• DATASET EXCERPTS:
- Opening Delimiter -
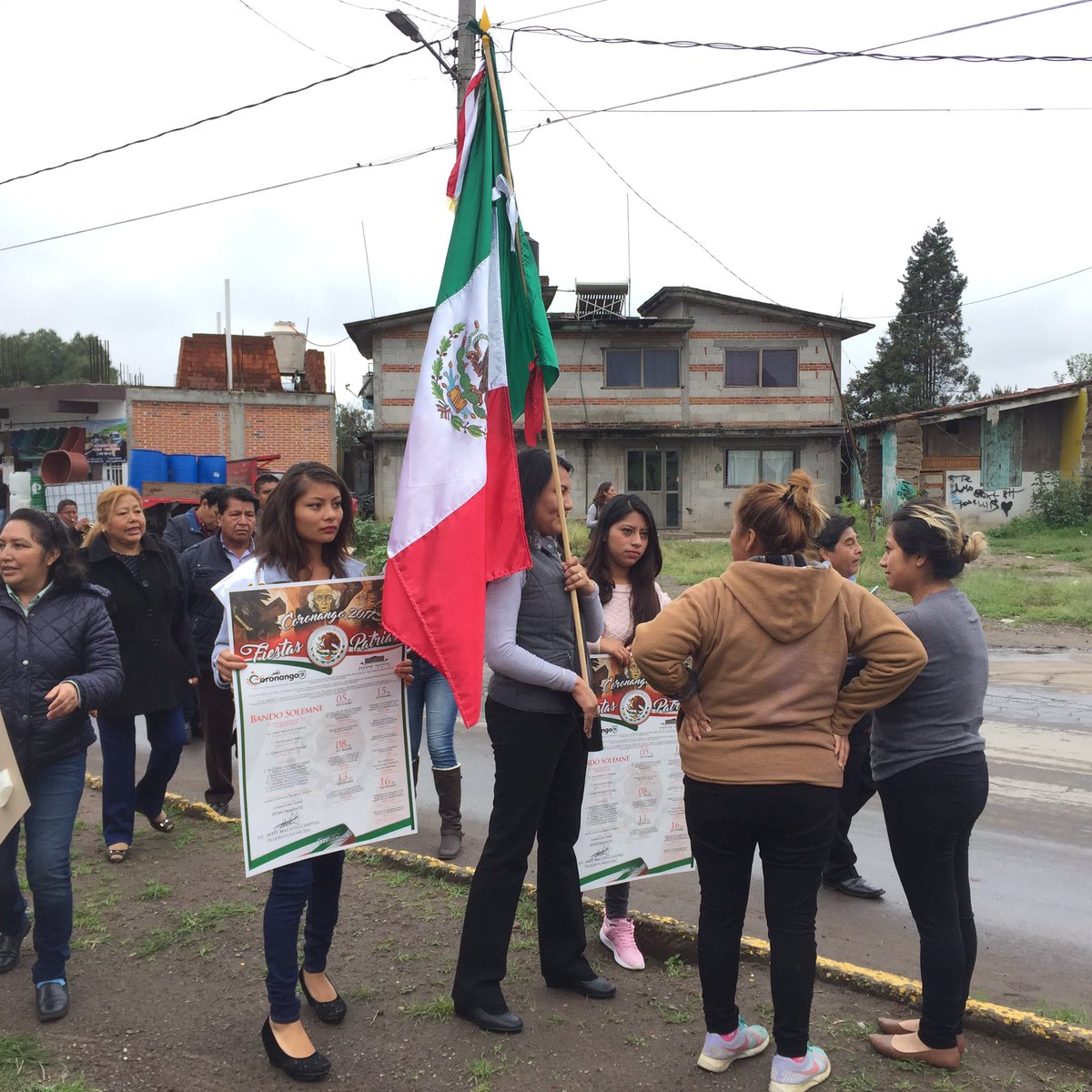 Melymak's tweet photo. #PegaDeBandoFiestasPatrias por el 207 Aniversario de la Independencia de México 🇲🇽 #Coronango https://t.co/BNKp9wJnes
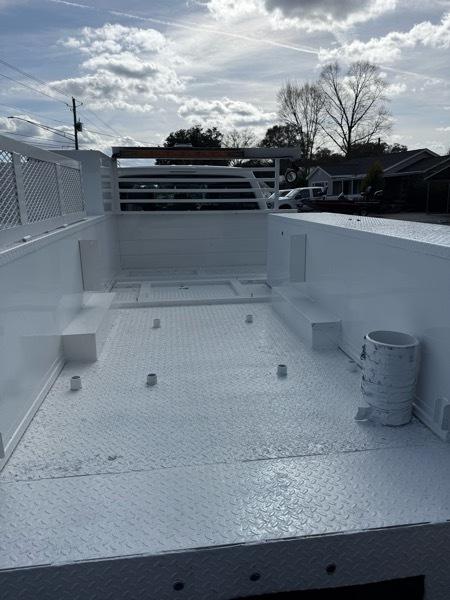 Ford F-550 Crew Cab DRW 2WD 2014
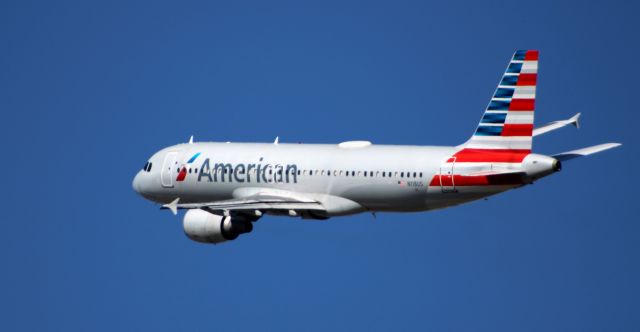 Airbus A320 (N118US) - Shortly after departure is this 2000 American Airlines Airbus A320-214 in the Winter of 2021.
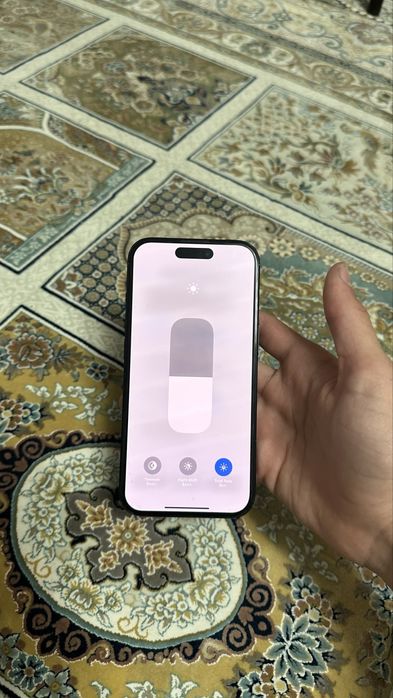 Iphone 15 с каропкой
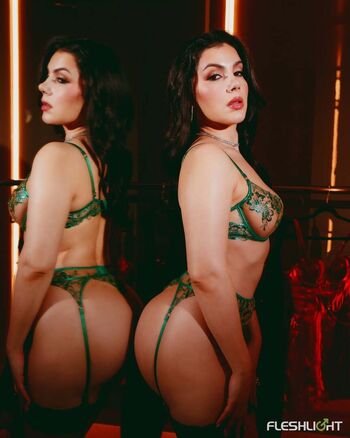 Valentina nappi  page leaked private photo uncensored HD quality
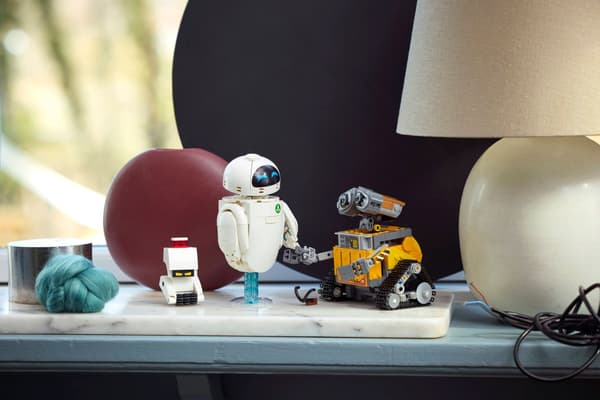 LEGO Disney Wall-E og Eva 811 dele (43279)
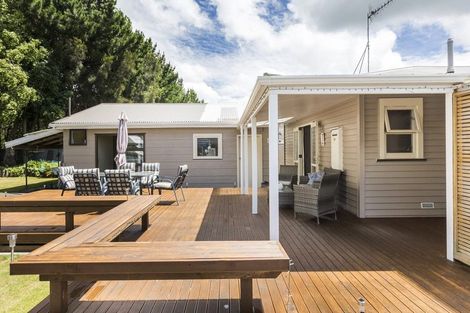 Photo of property in 51 Honore Drive, Linton, Palmerston North, 4472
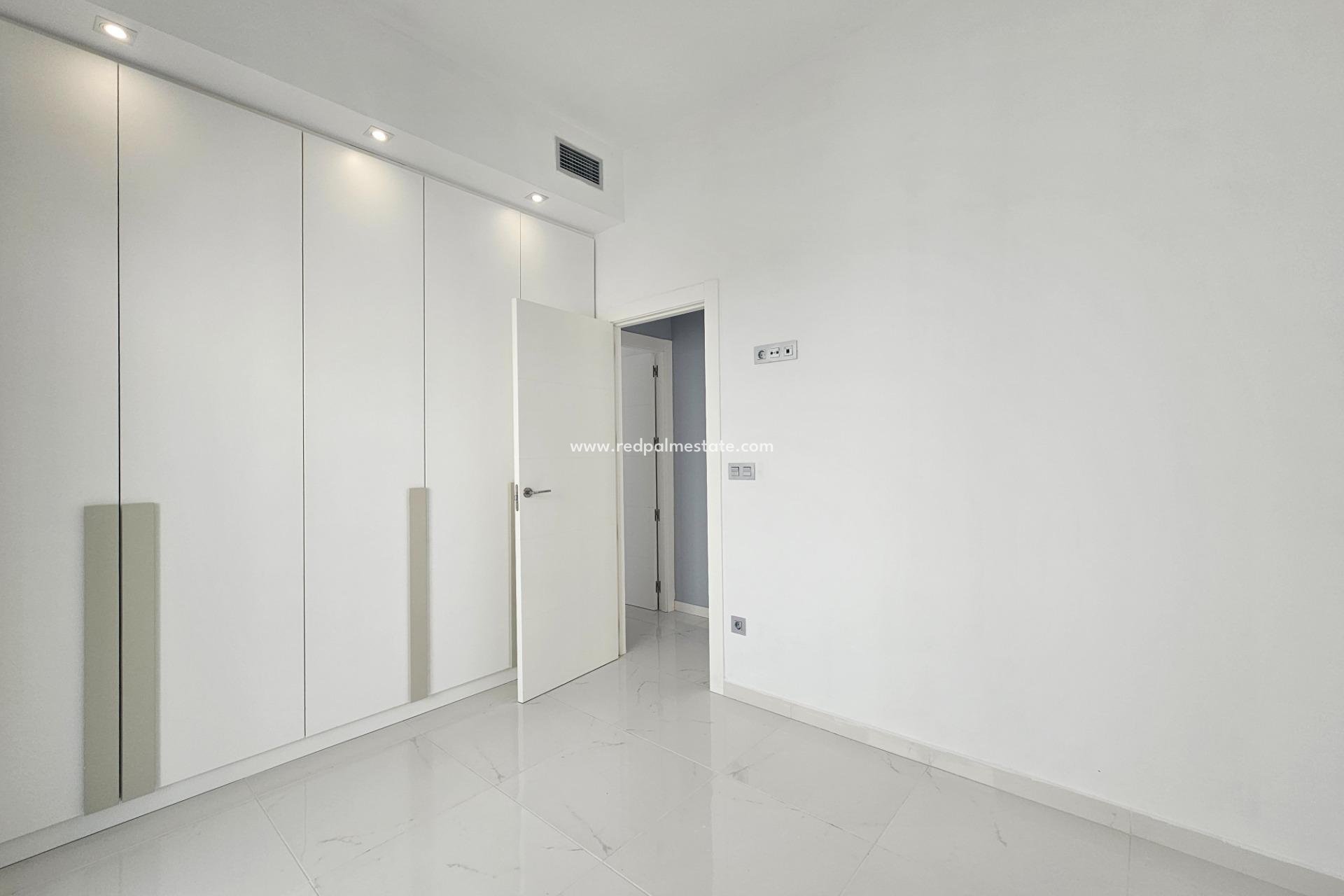 Reventa - Villa -
Orihuela Costa - La Matanza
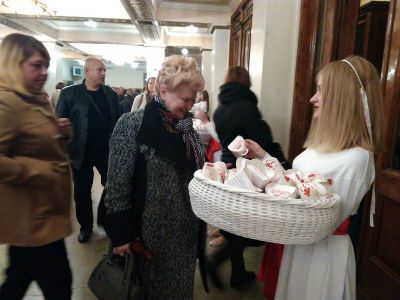 0 02 04 fbbf5f28a870bf3d5a3e8ec5c44b8a3dcbf118f4ec9ee9b8ebc5e507d432c722 a4ae15df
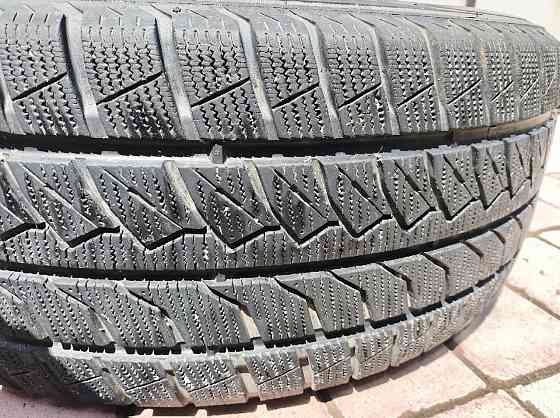 Зимние шины 235/55 R17 Донецк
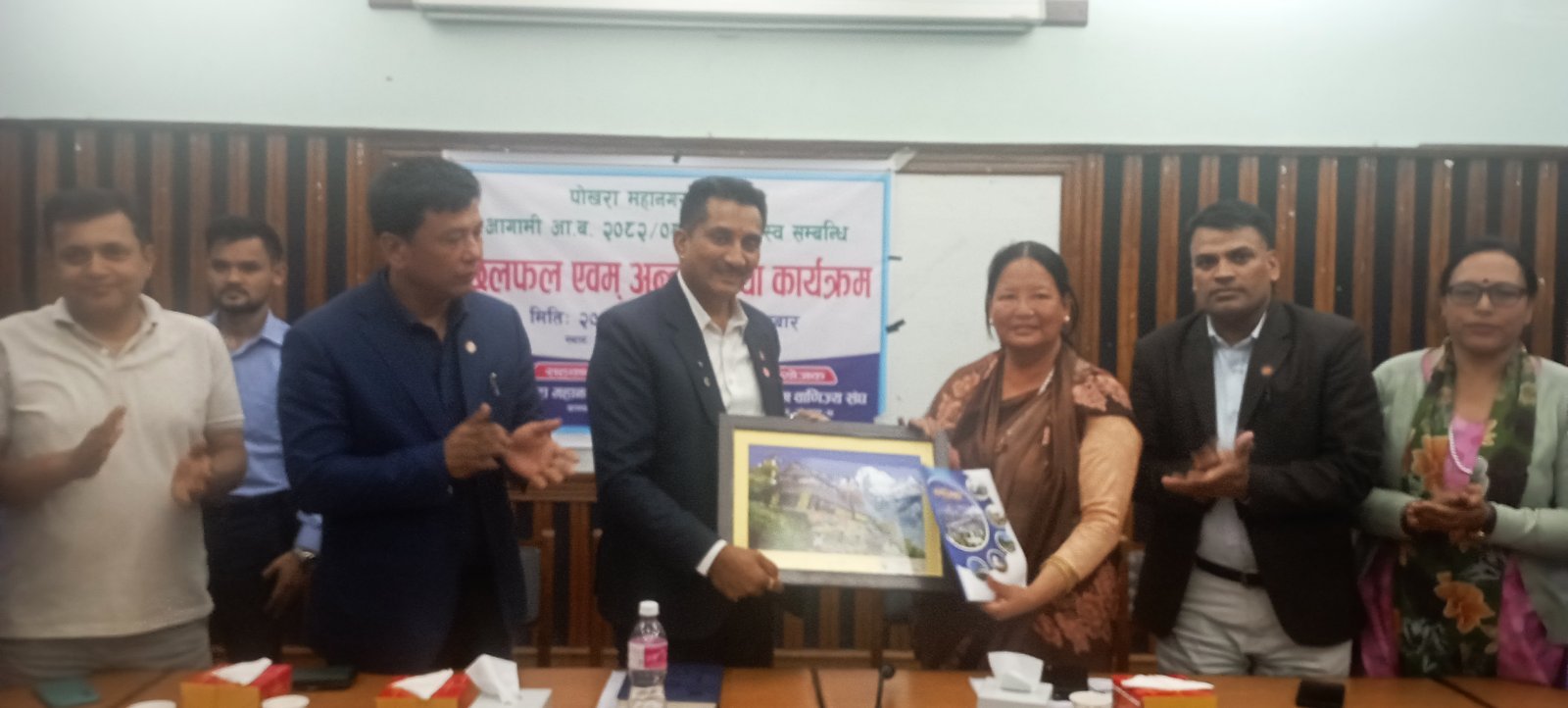 पोखरामा अनधिकृत व्यापारले हैरानी, व्यवसायीलाई दु:ख नदिन महानगरसँग आग्रह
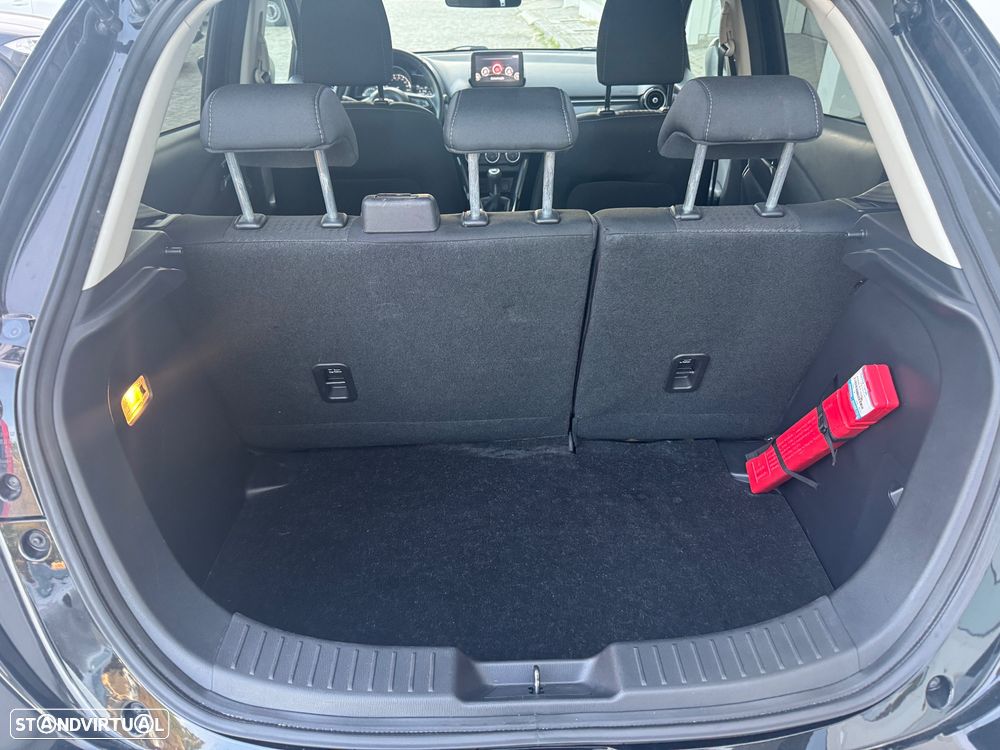 Mazda 2 1.5 e-Skyactiv-G Centre-line - 12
- Closing Delimiter -
• TO DO: Only the lines from the one with "Airbus A320 (N118US)" through the last line above belong in the answer. Reproduce them exactly, without the pictures.

• RESULT OF THIS TASK:
 Airbus A320 (N118US) - Shortly after departure is this 2000 American Airlines Airbus A320-214 in the Winter of 2021.
 Iphone 15 с каропкой
 Valentina nappi  page leaked private photo uncensored HD quality
 LEGO Disney Wall-E og Eva 811 dele (43279)
 Photo of property in 51 Honore Drive, Linton, Palmerston North, 4472
 Reventa - Villa -
Orihuela Costa - La Matanza
 0 02 04 fbbf5f28a870bf3d5a3e8ec5c44b8a3dcbf118f4ec9ee9b8ebc5e507d432c722 a4ae15df
 Зимние шины 235/55 R17 Донецк
 पोखरामा अनधिकृत व्यापारले हैरानी, व्यवसायीलाई दु:ख नदिन महानगरसँग आग्रह
 Mazda 2 1.5 e-Skyactiv-G Centre-line - 12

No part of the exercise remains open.